Salinas de Gortari regresó la Banca a la vida privada. Pero no fueron ya los mismos personajes. Los hombres de fortuna ganada a costa de muchas cosas, sustituyeron a los viejos banqueros a los que ya no se dio acceso a sus antiguos dominios. No faltó, en los principios, alguna represión modélica para bajar los deseos de recuperación. Era la época primera de Salinas de Gortari, con ejemplos amenazantes para los sindicatos, los empresarios y los banqueros. Tomaron nota. Algunos desde la cárcel.
Los nuevos banqueros, en general, hechos al calor de negocios espectaculares, pagaron fortunas muchas veces superiores en dos o tres tantos al valor real de los bancos. El tufo a arreglos subterráneos era notable. Y así les fue. La vieja moral bancaria desapareció y se produjo la más vandálica ambición agiotista que ha conocido este país con los pobres deudores hipotecarios, mil veces engañados y ahora condenados al desastre por una Suprema Corte que, en el mejor de los casos, interpretó de manera equivocada la ley. El resultado: en lugar de aparecer en las viejas columnas de Ensalada popoff de Agustín Barrios Gómez, hoy los banqueros ocupan en forma destacada la nota roja.

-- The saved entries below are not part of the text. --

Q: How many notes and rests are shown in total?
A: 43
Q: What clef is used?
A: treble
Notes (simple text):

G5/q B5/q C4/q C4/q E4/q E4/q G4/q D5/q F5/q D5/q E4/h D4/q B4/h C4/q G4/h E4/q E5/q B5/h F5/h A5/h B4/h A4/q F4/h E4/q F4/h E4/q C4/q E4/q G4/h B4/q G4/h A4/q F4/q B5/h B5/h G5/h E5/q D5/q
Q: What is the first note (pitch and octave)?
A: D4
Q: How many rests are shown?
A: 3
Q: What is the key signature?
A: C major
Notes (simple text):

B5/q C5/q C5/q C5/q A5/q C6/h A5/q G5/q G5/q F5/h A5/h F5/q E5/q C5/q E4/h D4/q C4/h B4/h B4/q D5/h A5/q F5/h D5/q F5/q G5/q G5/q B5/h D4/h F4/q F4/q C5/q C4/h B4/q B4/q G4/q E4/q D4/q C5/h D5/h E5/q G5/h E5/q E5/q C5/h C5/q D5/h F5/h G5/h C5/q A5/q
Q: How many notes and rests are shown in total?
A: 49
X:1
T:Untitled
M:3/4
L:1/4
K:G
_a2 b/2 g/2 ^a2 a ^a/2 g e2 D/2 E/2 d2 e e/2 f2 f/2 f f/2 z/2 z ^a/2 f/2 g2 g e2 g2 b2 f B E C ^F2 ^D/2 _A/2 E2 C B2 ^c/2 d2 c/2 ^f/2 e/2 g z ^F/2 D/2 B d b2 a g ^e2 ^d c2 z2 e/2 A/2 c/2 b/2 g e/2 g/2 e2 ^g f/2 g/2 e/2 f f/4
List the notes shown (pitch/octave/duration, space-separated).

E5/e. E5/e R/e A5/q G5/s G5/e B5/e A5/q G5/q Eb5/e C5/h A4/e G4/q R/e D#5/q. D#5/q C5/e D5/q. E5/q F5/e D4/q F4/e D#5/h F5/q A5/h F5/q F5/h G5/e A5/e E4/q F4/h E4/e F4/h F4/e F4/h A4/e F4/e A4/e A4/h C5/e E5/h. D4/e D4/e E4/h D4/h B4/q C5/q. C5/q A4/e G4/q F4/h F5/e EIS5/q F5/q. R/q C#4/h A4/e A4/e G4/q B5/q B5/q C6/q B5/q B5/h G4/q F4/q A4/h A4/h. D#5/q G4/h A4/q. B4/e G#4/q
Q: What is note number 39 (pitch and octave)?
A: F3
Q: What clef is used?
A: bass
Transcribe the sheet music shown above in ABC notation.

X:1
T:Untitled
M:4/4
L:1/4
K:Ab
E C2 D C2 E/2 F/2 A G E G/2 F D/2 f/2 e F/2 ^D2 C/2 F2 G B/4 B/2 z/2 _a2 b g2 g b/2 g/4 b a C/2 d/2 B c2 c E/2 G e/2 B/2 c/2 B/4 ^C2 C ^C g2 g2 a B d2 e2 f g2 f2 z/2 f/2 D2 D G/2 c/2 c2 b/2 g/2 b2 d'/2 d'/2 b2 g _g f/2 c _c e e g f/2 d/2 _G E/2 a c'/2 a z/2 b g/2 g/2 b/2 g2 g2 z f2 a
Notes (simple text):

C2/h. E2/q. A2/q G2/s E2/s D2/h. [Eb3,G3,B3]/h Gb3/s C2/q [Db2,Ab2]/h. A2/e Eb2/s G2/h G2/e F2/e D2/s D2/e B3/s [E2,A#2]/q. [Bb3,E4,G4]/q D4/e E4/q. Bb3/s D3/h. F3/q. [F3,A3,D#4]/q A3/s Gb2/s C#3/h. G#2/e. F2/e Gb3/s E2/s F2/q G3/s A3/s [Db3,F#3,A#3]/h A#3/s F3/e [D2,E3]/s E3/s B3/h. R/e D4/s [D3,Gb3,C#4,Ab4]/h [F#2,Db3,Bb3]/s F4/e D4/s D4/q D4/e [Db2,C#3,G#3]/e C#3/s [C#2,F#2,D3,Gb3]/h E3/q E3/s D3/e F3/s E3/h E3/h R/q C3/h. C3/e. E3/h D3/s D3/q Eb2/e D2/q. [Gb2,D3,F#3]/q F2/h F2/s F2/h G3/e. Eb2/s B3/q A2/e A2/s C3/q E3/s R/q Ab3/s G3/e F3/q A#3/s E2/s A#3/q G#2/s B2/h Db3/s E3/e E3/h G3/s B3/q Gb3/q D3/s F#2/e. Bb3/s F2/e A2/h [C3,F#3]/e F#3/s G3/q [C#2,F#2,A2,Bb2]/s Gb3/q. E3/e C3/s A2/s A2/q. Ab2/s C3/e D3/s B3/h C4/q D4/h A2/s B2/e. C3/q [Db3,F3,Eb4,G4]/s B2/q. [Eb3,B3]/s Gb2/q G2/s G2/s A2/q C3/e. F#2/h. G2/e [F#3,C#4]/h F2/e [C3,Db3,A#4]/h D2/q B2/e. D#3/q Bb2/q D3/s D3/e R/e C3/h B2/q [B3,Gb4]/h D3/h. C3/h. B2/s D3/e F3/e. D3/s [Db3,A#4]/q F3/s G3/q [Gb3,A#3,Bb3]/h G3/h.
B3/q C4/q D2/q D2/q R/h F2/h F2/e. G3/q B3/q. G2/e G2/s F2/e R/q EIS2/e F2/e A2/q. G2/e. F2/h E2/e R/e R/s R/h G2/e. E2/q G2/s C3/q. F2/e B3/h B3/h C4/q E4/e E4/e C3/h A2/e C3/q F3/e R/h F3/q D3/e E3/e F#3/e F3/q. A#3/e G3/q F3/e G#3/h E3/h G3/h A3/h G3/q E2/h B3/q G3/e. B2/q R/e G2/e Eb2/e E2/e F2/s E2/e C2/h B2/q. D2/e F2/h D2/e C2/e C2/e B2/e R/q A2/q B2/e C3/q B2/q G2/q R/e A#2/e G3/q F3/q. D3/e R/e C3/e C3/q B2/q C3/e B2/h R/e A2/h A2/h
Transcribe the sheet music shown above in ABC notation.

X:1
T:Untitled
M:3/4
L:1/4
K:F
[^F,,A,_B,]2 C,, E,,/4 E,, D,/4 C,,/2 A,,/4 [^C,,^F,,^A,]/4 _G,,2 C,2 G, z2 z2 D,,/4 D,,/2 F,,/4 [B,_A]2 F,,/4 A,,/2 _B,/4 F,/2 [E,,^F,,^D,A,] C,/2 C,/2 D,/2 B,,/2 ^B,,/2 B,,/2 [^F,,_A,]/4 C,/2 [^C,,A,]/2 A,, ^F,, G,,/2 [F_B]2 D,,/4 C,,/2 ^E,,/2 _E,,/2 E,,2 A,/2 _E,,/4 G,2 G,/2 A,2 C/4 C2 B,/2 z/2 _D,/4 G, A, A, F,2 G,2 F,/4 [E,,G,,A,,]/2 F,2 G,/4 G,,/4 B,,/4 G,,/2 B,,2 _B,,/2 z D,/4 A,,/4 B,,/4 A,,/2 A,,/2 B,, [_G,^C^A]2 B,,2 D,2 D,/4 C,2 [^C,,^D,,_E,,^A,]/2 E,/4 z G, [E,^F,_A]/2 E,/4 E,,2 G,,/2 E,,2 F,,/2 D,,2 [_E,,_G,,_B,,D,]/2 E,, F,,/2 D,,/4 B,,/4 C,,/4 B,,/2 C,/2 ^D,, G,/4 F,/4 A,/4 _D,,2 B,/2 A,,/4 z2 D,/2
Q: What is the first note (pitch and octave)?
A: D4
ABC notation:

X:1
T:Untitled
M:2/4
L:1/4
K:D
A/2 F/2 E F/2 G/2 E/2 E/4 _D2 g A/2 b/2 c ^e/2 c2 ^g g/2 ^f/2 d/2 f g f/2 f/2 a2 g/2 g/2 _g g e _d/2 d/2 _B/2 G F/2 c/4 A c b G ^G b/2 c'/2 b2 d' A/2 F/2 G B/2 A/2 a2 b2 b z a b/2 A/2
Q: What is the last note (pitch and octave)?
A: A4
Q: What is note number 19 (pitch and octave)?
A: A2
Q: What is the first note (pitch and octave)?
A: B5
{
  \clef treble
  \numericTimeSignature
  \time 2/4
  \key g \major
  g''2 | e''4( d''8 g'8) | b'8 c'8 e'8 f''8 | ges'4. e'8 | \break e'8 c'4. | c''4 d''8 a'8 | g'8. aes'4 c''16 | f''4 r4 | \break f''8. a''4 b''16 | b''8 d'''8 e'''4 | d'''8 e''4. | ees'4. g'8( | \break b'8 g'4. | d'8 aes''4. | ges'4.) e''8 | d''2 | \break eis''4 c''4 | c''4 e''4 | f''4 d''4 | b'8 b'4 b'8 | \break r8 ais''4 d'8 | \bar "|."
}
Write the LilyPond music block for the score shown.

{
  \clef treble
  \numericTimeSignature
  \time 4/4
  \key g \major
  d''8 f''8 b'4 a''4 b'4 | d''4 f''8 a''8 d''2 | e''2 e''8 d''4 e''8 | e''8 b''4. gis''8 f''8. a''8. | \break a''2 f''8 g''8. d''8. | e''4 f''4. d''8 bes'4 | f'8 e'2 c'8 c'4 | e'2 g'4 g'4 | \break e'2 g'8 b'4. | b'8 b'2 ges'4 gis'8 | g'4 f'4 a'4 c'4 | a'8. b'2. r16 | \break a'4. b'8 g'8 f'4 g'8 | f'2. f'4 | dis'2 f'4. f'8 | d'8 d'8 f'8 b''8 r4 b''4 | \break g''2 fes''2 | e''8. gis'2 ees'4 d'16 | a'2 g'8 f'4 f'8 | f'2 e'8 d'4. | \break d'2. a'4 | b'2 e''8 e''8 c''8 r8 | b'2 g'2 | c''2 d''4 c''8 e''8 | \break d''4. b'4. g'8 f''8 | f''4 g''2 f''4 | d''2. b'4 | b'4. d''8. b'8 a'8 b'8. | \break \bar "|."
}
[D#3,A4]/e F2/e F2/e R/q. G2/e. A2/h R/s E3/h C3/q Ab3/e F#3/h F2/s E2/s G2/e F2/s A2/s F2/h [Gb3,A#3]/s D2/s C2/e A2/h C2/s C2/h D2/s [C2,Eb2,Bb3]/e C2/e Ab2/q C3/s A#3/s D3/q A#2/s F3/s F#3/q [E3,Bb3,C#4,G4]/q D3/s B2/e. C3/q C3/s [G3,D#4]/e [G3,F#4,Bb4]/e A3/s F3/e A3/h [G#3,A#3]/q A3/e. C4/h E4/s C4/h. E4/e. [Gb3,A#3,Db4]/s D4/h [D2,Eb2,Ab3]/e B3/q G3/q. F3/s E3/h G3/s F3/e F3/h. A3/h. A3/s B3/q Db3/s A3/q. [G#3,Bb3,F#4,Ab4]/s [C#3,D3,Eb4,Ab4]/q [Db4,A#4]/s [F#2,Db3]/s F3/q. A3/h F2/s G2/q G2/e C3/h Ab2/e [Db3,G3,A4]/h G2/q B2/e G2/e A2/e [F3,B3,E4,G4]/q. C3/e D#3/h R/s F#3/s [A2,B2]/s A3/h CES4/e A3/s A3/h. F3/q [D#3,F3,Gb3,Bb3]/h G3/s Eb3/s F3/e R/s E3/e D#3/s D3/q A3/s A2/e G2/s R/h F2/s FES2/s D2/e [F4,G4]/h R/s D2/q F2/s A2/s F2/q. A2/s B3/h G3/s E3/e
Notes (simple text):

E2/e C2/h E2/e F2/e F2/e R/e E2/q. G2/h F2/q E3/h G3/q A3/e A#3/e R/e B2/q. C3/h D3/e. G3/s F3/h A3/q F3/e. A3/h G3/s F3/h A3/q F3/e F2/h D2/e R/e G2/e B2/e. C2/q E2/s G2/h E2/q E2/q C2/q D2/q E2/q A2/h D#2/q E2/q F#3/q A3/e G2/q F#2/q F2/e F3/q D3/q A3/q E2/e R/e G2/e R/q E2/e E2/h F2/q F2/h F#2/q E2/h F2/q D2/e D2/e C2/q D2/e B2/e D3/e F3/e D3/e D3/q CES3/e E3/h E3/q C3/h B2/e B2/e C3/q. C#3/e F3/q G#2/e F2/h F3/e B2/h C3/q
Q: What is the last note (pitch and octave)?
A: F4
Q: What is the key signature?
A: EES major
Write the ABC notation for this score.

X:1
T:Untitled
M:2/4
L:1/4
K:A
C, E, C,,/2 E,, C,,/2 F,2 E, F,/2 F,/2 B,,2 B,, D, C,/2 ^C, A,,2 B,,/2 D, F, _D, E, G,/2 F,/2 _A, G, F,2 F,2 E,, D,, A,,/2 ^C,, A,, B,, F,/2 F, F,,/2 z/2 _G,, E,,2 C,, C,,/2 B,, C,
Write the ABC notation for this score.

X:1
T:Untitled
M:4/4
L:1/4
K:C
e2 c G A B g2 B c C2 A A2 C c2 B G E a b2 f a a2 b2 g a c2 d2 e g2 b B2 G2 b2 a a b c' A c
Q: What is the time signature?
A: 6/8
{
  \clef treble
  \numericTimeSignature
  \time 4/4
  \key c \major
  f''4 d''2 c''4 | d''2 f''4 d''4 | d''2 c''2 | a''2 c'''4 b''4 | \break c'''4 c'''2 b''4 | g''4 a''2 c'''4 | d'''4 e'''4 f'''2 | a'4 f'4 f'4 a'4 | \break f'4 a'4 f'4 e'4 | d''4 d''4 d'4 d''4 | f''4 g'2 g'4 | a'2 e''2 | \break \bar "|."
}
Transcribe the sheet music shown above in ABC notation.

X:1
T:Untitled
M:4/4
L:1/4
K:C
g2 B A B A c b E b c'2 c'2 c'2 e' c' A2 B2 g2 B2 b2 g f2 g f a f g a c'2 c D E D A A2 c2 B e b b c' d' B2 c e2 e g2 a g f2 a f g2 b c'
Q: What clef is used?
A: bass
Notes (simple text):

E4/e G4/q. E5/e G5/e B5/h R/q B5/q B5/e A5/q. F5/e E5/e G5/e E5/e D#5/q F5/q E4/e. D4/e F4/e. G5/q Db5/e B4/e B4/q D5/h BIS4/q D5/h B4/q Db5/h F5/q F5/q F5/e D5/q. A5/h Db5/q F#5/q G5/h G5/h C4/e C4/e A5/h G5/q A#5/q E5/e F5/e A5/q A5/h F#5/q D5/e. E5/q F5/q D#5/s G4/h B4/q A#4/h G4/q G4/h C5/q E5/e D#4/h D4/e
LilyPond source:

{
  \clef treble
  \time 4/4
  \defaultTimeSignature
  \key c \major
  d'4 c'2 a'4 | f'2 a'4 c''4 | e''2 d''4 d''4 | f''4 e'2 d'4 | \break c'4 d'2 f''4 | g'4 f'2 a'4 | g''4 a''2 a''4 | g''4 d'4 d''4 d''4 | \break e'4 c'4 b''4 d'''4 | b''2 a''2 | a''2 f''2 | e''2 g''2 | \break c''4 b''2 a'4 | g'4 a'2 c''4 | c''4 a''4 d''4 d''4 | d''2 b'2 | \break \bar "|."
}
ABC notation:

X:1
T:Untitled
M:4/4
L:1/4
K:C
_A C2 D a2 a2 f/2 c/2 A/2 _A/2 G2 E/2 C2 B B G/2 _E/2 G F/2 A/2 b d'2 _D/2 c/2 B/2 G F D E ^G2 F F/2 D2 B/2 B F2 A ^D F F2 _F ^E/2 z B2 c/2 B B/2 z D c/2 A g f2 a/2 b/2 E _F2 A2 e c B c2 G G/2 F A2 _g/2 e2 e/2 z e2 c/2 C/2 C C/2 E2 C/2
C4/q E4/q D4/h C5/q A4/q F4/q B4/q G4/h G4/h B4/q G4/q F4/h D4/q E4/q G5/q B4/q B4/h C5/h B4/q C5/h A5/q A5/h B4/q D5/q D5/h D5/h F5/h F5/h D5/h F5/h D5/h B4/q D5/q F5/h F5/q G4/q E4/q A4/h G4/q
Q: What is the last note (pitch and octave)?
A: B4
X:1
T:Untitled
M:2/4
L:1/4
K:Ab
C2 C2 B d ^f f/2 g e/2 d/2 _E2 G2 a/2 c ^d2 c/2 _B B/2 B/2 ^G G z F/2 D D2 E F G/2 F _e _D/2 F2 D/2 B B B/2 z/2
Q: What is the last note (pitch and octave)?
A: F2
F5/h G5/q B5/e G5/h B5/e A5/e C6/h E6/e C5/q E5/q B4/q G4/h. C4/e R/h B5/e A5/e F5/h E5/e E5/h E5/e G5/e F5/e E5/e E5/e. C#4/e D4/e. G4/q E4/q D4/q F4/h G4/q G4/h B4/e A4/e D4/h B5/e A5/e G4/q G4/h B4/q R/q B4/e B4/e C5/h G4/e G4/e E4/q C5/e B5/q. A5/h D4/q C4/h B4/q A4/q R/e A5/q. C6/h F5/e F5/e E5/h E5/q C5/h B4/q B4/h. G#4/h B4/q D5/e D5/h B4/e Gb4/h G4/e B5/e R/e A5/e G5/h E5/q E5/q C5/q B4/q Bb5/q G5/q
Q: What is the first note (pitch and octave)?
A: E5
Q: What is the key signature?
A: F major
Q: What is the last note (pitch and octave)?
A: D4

Es claro que no todos son así. Pero no es fácil encontrar las excepciones. Pero para esa Banca nacida de la especulación o del éxito en negocios de otra índole, sin el aprendizaje a pie que exige un oficio tan difícil, el mareo de las fortunas y los créditos cruzados ha sido la nota constante. Si a eso se le agregan las desviaciones de fondos para fines políticos, hasta podría pensarse en una complicidad que hoy devuelve los favores recibidos.
La Asociación de Banqueros muestra su alegría por el fin de las angustias. El PAN trata de justificar lo injustificable. Y el PRI, que ya no gana para vergüenzas: quizá sería más indicado hacer referencia al Partido-Gobierno, se muestra satisfecho de un éxito evidente, aunque haya sido ganado sobre el cadáver económico de la mayoría de los mexicanos.
Quisiera salvar a un nombre de ese desastre: Javier Arrigunaga Gómez del Campo. Director de Fobaproa y un hombre de integridad absoluta que sólo ha cumplido con su deber. Bonito encargo le heredó Miguel Mancera. Lo ha desempeñado con enorme eficacia. Nada de lo negativo le es imputable.
Y me queda el recuerdo grato de mis viejos maestros bancarios de la Mexicana: Antonio Sacristán Colás, Rafael Núñez Escobar y Lorenzo García Méndez. Entre otros.